Specifically, as shown in FIG. 10, the exhaust pipe 1222 includes an inner sleeve 12221 and an outer sleeve 12222, and the inner sleeve 12221 has an external thread to form the blocking section; the outer sleeve 12222 has an internal thread, and the inner sleeve 12221 is sleeved with the outer sleeve by threaded connection. With this arrangement of the exhaust pipe 1222, the exhaust pipe 1222 is easy to disassemble, assemble and replace.

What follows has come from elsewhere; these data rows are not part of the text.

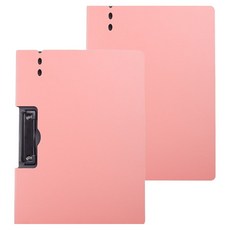 덴빌리어 심플한 파일 23.5 x 32 cm, type 5, 2개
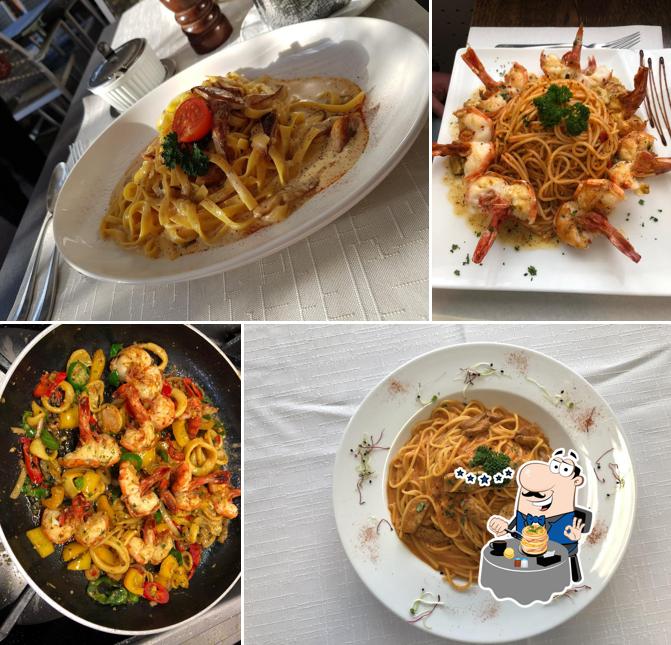 Restaurant Schiff Binningen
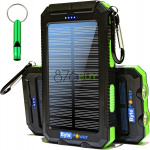 BytePower 20000mAh Solar Charger Power Bank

Specifically, as shown in FIG. 8, an extension direction of the supply channel 2211 coincides with an extension direction of the first end, the supply channel 2211 is located directly below the first end, the supply connecting part 221 further includes a reset spring 2222, and the reset spring 2222 is provided between the first end and the supply channel 2211 and configured to reset the lever 2223 by removing an external force. It is apparent that the mode in which the reset spring 2222 resets the lever 2223 is exemplary only and not exclusive, and for example, a heavy second end of the lever 2223 also resets the lever 2223, and with this arrangement, the sparkling water mixing assembly 10 saves the space and has a compact structure.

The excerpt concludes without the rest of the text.